3. What percentage of success does these movie genres take in the movie industry?
4. Are these genres the most popular?
5. Whats the relationship between a movie's popularity and its revenue?
6. Which 5 directors would you recommend to your friend? And why?

#### Import necessariy libraries

In [None]:
import numpy as np
import pandas as pd
import matplotlib.pyplot as plt
import seaborn as sns
%matplotlib inline

<a id='wrangling'></a>
## Data Wrangling

**Gather the data to use for our analysis**

In [None]:
# Use pandas 'read_csv()' function to load in the csv file that holds our data
tmdb_data = pd.read_csv('tmdb-movies.csv')

# Confirm the operation by displaying the first five records with pandas 'head()' function
tmdb_data.head()

In [None]:
# How many records and columns do we have in this data
shape = tmdb_data.shape
print('We have ', shape[0], 'records and ', shape[1], 'attributes in the TMDb Movies Dataset')

**Assess the data for analysis**

In [None]:
# What are the attributes we have in these dataset are they all needed for our analysis?
tmdb_data.info()

**Clean the data for analysis**

- I will remove *id* attribute leaving imdb_id as the unique identifier.

In [None]:
# Remove 'id' attribute from the data
tmdb_data.drop('id', axis=1, inplace=True)

# A custom function to check if attribute removal is successful
def check_attribute_status(attr_names:list):
    # Get the attributes in the dataset we're working with
    attributes = tmdb_data.columns

    # Loop through the list of attributes supplied
    for i in attr_names:
        # Checks if the attribute is in the dataset
        state = i in attributes

        # Print out a text stating if the attribute is in the dataset or not
        print(i, 'attribute in the dataset?', state)
    

# Check if we have indeed removed the column
check_attribute_status(['id']) # Should return False

- I will remove *cast, homepage, tagline, keywords, overview, release_date, budget_adj and revenue_adj* attributes from the dataset as I don't need them for my analysis

In [None]:
# Remove 'homepage, tagline, keywords, overview, release_date, budget_adj and revenue_adj' attributes from the dataset
tmdb_data.drop(columns=['cast', 'homepage', 'tagline', 'keywords', 'overview', 'release_date', 'budget_adj', 'revenue_adj'], inplace=True)

# Validate the operation by checking if they are still in the dataset
check_attribute_status(['cast', 'homepage', 'tagline', 'keywords', 'overview', 'release_date', 'budget_adj', 'revenue_adj'])

Are all these records unique?
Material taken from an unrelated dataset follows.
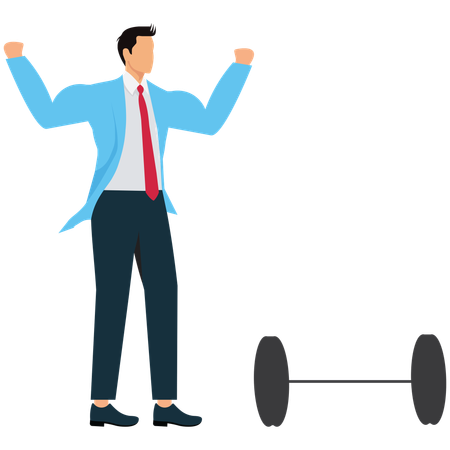 Businessman shows his strength  Illustration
Let's check

In [None]:
# Check for duplicated records
tmdb_data.duplicated().sum()

In [None]:
# View the duplicate(s)
tmdb_data[tmdb_data.duplicated()]

In [None]:
# View both records simultaneously
# Use the original title to get both
tmdb_data.query('original_title == "TEKKEN"')

In [None]:
# Drop the duplicates
tmdb_data.drop_duplicates(inplace=True)

# Check again to verify the duplucate is out of the dataset
tmdb_data.duplicated().sum()

Do we have null values in our records? How many for each attribute?

In [None]:
# Check if the attributes contain null values
tmdb_data.isnull().any()

In [None]:
# Count the null values for each attribute
tmdb_data.isnull().sum()

Our dataset contain null values with production_companies containing the most. This attribute is not really needed for our analysis so let's drop it.

In [None]:
# Drop the production_companies attribute
tmdb_data.drop('production_companies', axis=1, inplace=True)

# Validate the operation
check_attribute_status(['production_companies'])

In [None]:
# Check the null values for each attribute
tmdb_data.isnull().sum()

Assuming each null value is a unique record; Let's add them up and see the percentage of the null values relative to the number of records we have in the dataset

In [None]:
total_null = tmdb_data.isnull().sum().sum() # Sum of all the null values together
total_records = tmdb_data.shape[0] # Get the number of records in our dataset

print('Null values in our modified dataset takes up {:.2%} of the records'.format(total_null/total_records))

The null values takes less than 1% of the records so we can remove the individual records with null values

In [None]:
# The function to remove null values from our dataset
def remove_nulls(attr_name):
    # Extract the null records from the dataframe
    null_df = tmdb_data[tmdb_data[attr_name].isnull()]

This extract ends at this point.